▶ Your goal
Somewhere below is a line with "this 480×360 image." and, later, a line with "this 468×382 image."; repeat those two lines and all the lines between them, exactly as they are.

[Data listing — start]

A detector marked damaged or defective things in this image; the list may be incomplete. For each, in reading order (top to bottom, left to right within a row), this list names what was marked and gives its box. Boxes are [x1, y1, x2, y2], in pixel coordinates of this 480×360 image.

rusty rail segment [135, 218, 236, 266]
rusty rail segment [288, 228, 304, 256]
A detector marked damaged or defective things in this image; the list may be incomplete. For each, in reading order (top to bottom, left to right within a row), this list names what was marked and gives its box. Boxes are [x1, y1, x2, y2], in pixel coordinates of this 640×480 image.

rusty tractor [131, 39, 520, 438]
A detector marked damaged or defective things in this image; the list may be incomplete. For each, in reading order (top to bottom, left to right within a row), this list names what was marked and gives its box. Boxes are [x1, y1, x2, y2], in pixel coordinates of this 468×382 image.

[Data listing — finish]
[Data listing — start]

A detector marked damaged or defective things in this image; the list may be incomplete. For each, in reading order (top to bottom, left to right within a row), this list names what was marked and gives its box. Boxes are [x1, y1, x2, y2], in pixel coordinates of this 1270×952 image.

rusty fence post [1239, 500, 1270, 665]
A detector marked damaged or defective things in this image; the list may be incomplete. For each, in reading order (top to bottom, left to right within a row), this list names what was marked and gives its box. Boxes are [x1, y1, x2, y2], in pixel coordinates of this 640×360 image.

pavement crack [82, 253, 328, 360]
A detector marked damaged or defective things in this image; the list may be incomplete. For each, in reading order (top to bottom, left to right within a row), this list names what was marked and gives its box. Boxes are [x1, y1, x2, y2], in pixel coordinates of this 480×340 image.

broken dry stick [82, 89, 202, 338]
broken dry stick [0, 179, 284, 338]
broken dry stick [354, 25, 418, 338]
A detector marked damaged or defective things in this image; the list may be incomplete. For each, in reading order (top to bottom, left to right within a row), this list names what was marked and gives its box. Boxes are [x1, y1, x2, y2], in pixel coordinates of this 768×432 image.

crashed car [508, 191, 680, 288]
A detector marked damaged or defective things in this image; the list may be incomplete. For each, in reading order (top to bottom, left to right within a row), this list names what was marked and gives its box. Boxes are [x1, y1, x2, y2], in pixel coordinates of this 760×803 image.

[Data listing — finish]

▶ Answer area
A detector marked damaged or defective things in this image; the list may be incomplete. For each, in reading order (top to bottom, left to right within a row), this list names what was marked and gives its box. Boxes are [x1, y1, x2, y2], in pixel coordinates of this 480×360 image.

rusty rail segment [135, 218, 236, 266]
rusty rail segment [288, 228, 304, 256]
A detector marked damaged or defective things in this image; the list may be incomplete. For each, in reading order (top to bottom, left to right within a row), this list names what was marked and gives its box. Boxes are [x1, y1, x2, y2], in pixel coordinates of this 640×480 image.

rusty tractor [131, 39, 520, 438]
A detector marked damaged or defective things in this image; the list may be incomplete. For each, in reading order (top to bottom, left to right within a row), this list names what was marked and gives its box. Boxes are [x1, y1, x2, y2], in pixel coordinates of this 468×382 image.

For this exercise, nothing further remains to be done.